Da der Ortenau-Stammtisch - nicht zuletzt dank unserer Homepage - auch im Ausland schon Beachtung gefunden hat, konnten wir nun auch bei einem Notfall in Italien helfen.

Ziegenfreunde aus dem Aosta-Tal in Italien wendeten sich hilfesuchend im Internet an ihre deutschen Freunde. Das Problem war recht einfach, aber sehr eilig: Die Ziegenfarm in Italien war bereits verkauft und musste zum 1. September geräumt werden.
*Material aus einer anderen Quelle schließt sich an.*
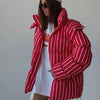 Elegant Printed Cotton Jacket Trouser Women's Set Hooded Thicken Zipper Coat Straight Pants Loose Lady Winter Autumn Suit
Von den einst 200 Tieren sollten jedoch 17 Ziegen, die nicht den hohen Ansprüche der kommerziellen Ziegenhaltung entsprachen, getötet werden.

Die deutschstämmige Besitzerin Elisabeth suchte daraufhin seit längerer Zeit eine Bleibe in der Nähe ihrer Heimat bei Memmingen, doch dort war für sie und ihre Ziegen einfach nichts zu finden. So wendete sie sich schliesslich an den Ziegen-Treff.
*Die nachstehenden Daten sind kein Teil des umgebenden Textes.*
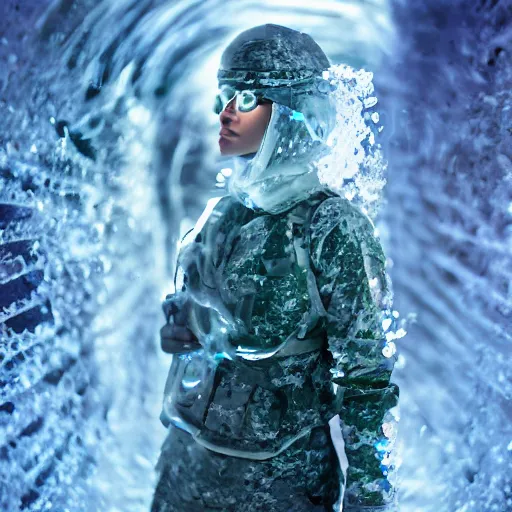 Image similar to futuristic female soldier eyes closed partly submerged in highly viscous clear fluid, frost particles, ice needles, cold blue light, complex hyperdetailed technical suit. white hair flowing. reflection. rays and dispersion of light. volumetric light. 5 0 mm, f / 3 2. noise film photo. ultra realistic, wide angle.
Der Initiator des Ziegen-Treff's, Roger Thal aus Urloffen, traf sich kurzerhand mit den italienischen Tierfreunden und suchte in Oppenau nach einer "tier- und menschgerechten" Unterkunft. Dabei machten sich die guten Verbindungen in das Lierbach-Tal, in dem der Ziegen-Treff auch die Ziegen-Alp mit ins Leben gerufen hat, bezahlt und so konnte mit der Hilfe von Ortsvorsteher Erich Schweiger gleich ein Ortstermin vereinbart werden. Das Ergebnis war die Vermittlung eines leerstehenden Hofes, der nun dank Elisabeth und ihren Ziegen wieder zu neuem  Leben erweckt wurde.

Der Transport der Tiere war allerdings eine etwas heiklere Sache. Da die Fahrt von Italien durch die Schweiz mit einem längeren "Papierkrieg" verbunden gewesen wäre, kamen die Ziegen von Italien über Innsbruck via München und Stuttgart schliesslich und endlich im Lierbach-Tal an.

So fand eine lange Suche und Reise der Ziegen letztendlich doch noch ein gutes Ende. Wir alle heissen Elisabeth hier in ihrer neuen Heimat herzlich willkommen und würden uns freuen, sie in Zukunft bei unseren monatlichen Stammtischen in Appenweier-Urloffen begrüssen zu dürfen.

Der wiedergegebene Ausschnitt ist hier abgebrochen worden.